Jerry Paper Carousel

[Bayonet; 2015]

Styles: midi-synth-pop, pessimism/optimism
Others: Brian Wilson, PrismCorp, Euglossine, David Longstreth(?)

Jerry Paper first aroused my curiosity with “Real. Now. Love.” The track’s deceptively dainty combination of drum machines and synth horns serves as a slightly tongue-in-cheek vehicle for a surprisingly affecting song. Delving deeper into the many records that Lucas Nathan has released (in the character of Jerry Paper) reveals a wealth of ruminative odes to the age-old preconceptions of love and identity. However, they’re realized through a musical language at times quirky and hilarious, but always considered and carefully crafted. Carousel picks up where Nathan’s last album, Big Pop for Chameleon World, left off, and his winning streak in enveloping well-conceived lyrics in intriguing sounds not only continues here, but is taken in alternate referential directions. 

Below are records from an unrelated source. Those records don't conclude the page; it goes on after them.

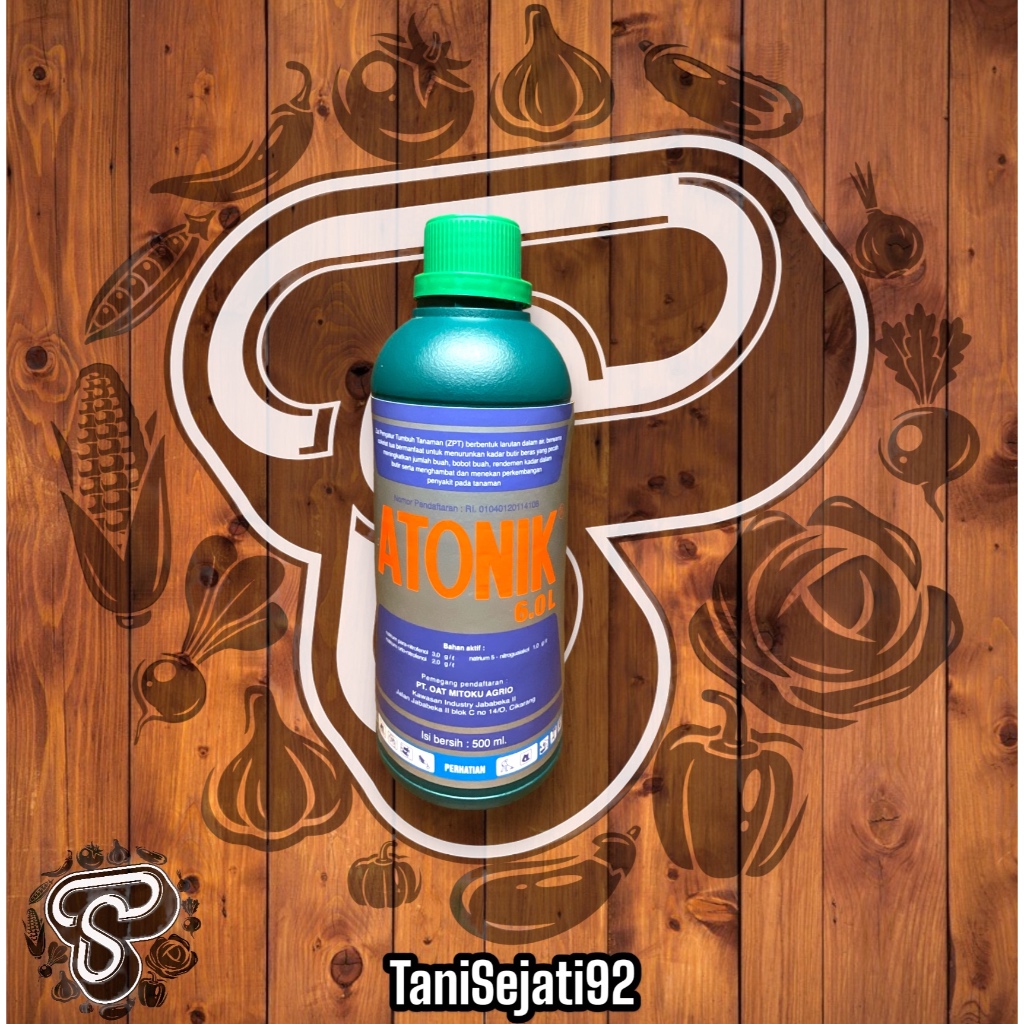 PUPUK CAIR ATONIK 500ML - ZPT
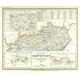 Neueste Karte von Kentucky - Alte Landkarte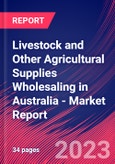 Livestock and Other Agricultural Supplies Wholesaling in Australia - Industry Market Research Report- Product Image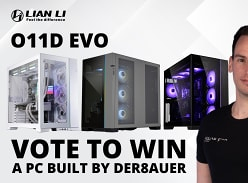 Win a Lian Li 011D EVO PC Built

As ever, it would be easy for Nathan to slip from the core vocal focus of his songs into some sort of tactless obscurity. If the ever-so-fake synth strings and acid bass of “Doesn’t Matter” or the proto-sitar and reed-flutes of “Greedy Motherfuckers” were allowed to take on garish proportions, it’s not hard to see Carousel fluffing around in an empty memetic space, one where meaning is lost to the tendencies of those sounds to point to a specific artistic ideology or lack thereof. But Nathan walks this problem area with dexterity, catering these sounds to specific tracks and never allowing his instruments to dominate him.

And it’s crucial to the messages laid out in plain sight in his music. Just a look at that title “Greedy Motherfuckers” is enough to stab at that song’s content, but others like “Piggies” take a different angle toward the humor lurking between tracks, opening instead with a riotous sound clip that’s particularly violent and disturbing in the context of the album’s overall nature. But this overt moment plays within the same almost-sarcasm of Carousel, as throughout, Nathan alludes to queries about the meaning and worth of spirituality and his continued fascination with digital (dis)connection, albeit with synth-saxophone and cheesy organ.

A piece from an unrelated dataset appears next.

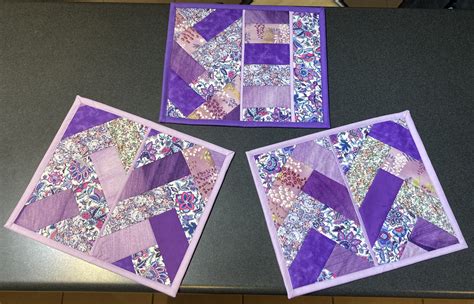 ButterZ: More purple play and placemats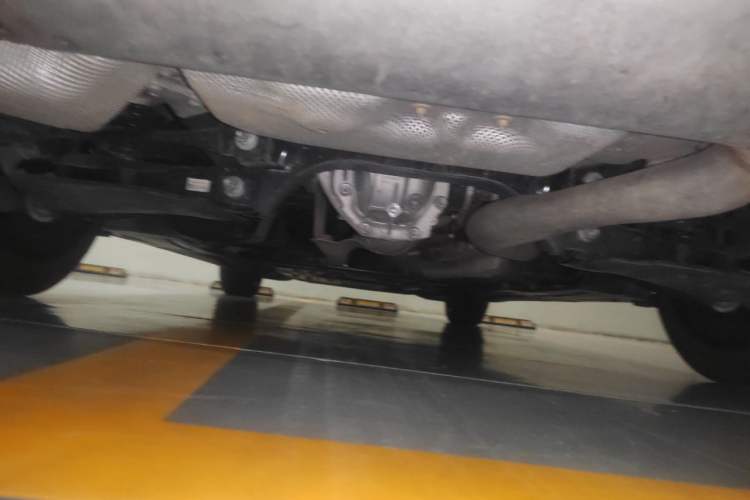 Used BMW 3 Series 2024 325Li M Sport Night Edition Package Chassis Rear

“Halfway Zen” calls to mind the baroque adventures of Pet Sounds as much as it does the endearingly cheap New Age instructional videos from a bygone era. On this track in particular, it’s evident what makes Nathan’s music strike a powerful chord time and time again: the depth of his compositions and songwriting ability amidst such quaint instrumentation, refreshingly contrary to the ordinarily discordance between the two. It’s no mean feat to take apart sonic objects and tropes that are, by their nature, trashy or thinly polite and transforming them into something engagingly curious, but Jerry Paper has yet again found a charming and effortless musical space to do just that on Carousel.